Anche il vicediretùr di Repubblica Massimo Giannini si sta rassegnando e oggi nel suo editoriale su Affari & Finanza confessa tutto il suo scetticismo sulle nuove idee di Renzi e Poletti in materia di economia:
Il sanguigno pragmatismo emiliano del ministro Poletti aiuta, in
una stagione densa di tante promesse e di troppe parole. Ma è forte la
sensazione che anche sul fronte del lavoro nelle strategie del governo
ci siano confusione e contraddizione.
Si continua a evocare il Jobs Act renziano, con un’enfasi che lo ha trasformato già in leggenda. Il testo è stato appena depositato in Parlamento. È una legge delega,
sulla quale le Camere si eserciteranno con la consueta solerzia. Fa
fede la legge delega sul fisco, appena giunta al traguardo: ci sono
voluti due anni di discussione, tra Camera e Senato. Nel frattempo che
succede al disperato esercito dei disoccupati e degli inoccupati, dei
sottoccupati e dei precari? Per ora l’unica cosa certa è il decreto
legge 34, che ha corretto la riforma Fornero sui contratti a tempo
determinato, introducendo un’ulteriore flessibilità in entrata con il meccanismo dei 36 mesi e delle otto proroghe.
Una
misura non proprio miracolosa, se è vero che nel Def si calcola un
impatto sul tasso di occupazione pari allo 0,2% e un effetto di spinta
sui consumi pari allo 0,4% del Pil. Ma a prescindere dalle
conseguenze sul ciclo, quella che si fatica a comprendere è la direzione
di marcia.
Nell’intervista uscita venerdì scorso su “Repubblica”,
Poletti spiega a Paolo Griseri che l’obiettivo del governo è rendere più
convenienti per le imprese le assunzioni a tempo indeterminato. «Oggi -
sostiene il ministro del Lavoro - un contratto a tempo determinato
costa l’1,4% in più di uno a tempo indeterminato. Diciamolo: è troppo
poco... Se un contratto a tempo determinato costasse il 10 o il 15% in
più di uno a tempo indeterminato, ecco che le cose potrebbero cambiare.

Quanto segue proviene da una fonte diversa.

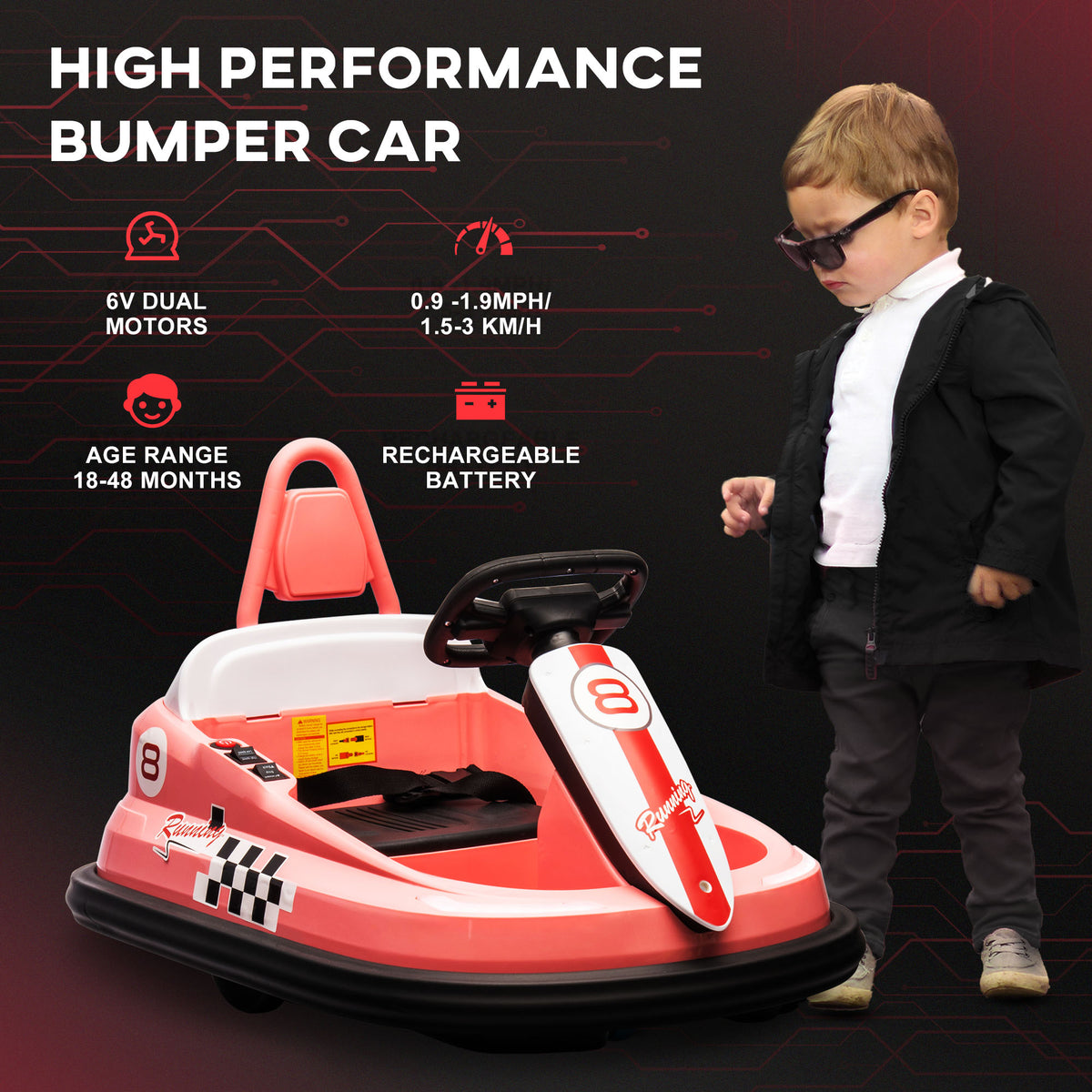 Aosom Kids Bumper Car, 6V 360° Rotation Electric Ride on Car, Twin Motors Battery Powered Toy with Music, Horn and Lights, Safety Belt, for Boys and Girls Aged 18-48 Months -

Se io azienda, dopo alcuni periodi di assunzione a tempo determinato, mi
trovo bene con un ragazzo, posso pensare che mi convenga assumerlo a
tempo indeterminato perché così risparmio».

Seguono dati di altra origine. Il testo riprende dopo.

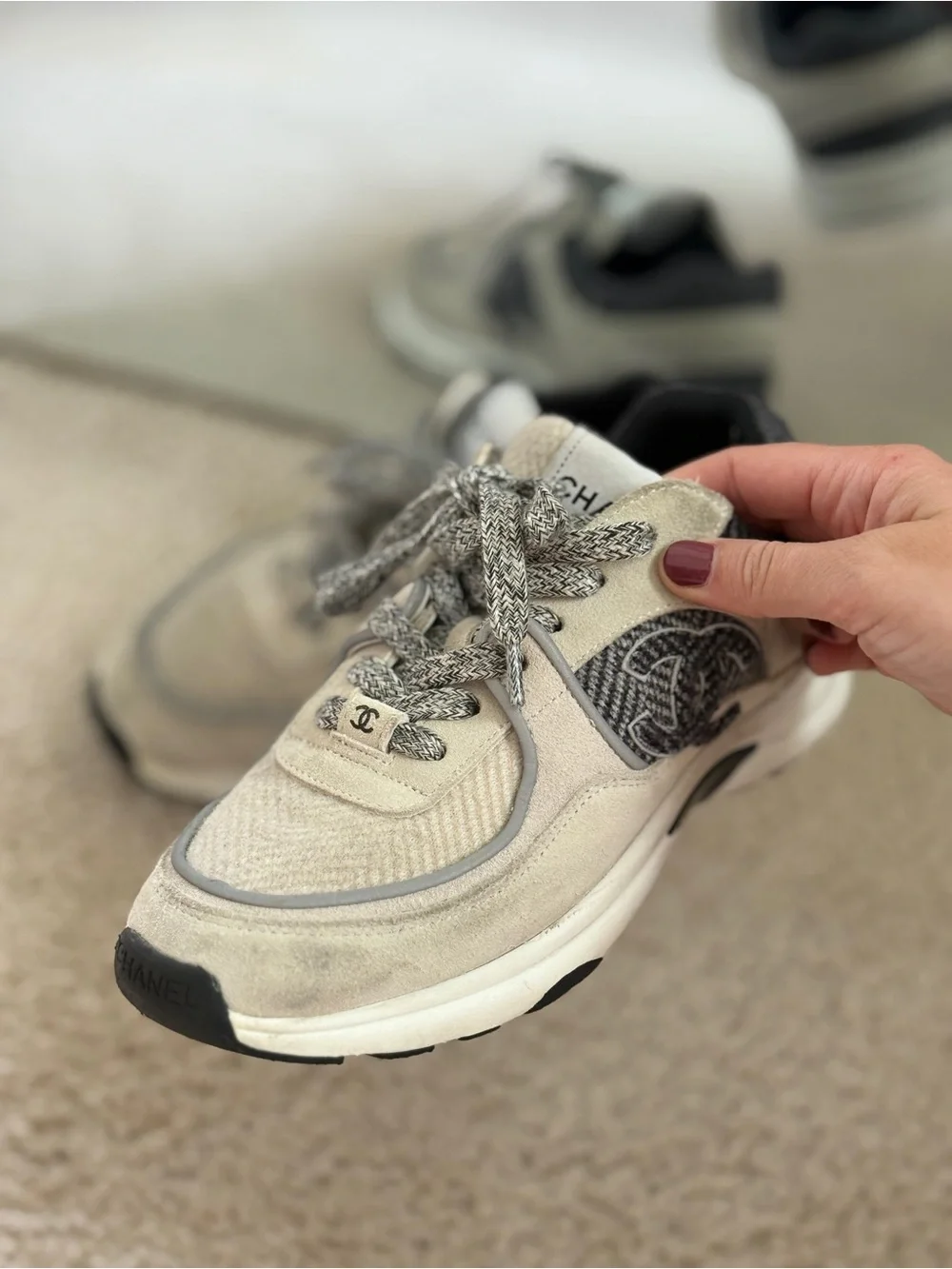 CHANEL Sneaker Gray Tweed Low Top 38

Parole sante. Ma allora perché il decreto 34 che lo stesso Poletti considera «uno dei pilastri della mia proposta» e dunque «non modificabile» - va esattamente nella direzione contraria?
E poi che senso ha continuare a ragionare sulla distinzione tra
contratti a tempo determinato e contratti a tempo indeterminato, se nel mitico Jobs Act si contempla a regime un contratto unico a tutele crescenti?
Il cortocircuito, logico e politico, è evidente. Lo denunciano
giustamente Mario Seminerio su Phastidio.net e gli economisti su
lavoce.info. Tutti insieme, giriamo a Renzi il quizzone: è dunque il decreto lavoro, che liberalizza i contratti a tempo determinato, la vera e unica «riforma strutturale» del lavoro? La
flexsecurity scandinava va benissimo, e la vogliamo tutti. Me se invece
l’Italia punta sul modello Nestlè, che propone ai suoi dipendenti il
precariato a vita, allora bisognerà pure che qualcuno lo spieghi ai
nostri giovani.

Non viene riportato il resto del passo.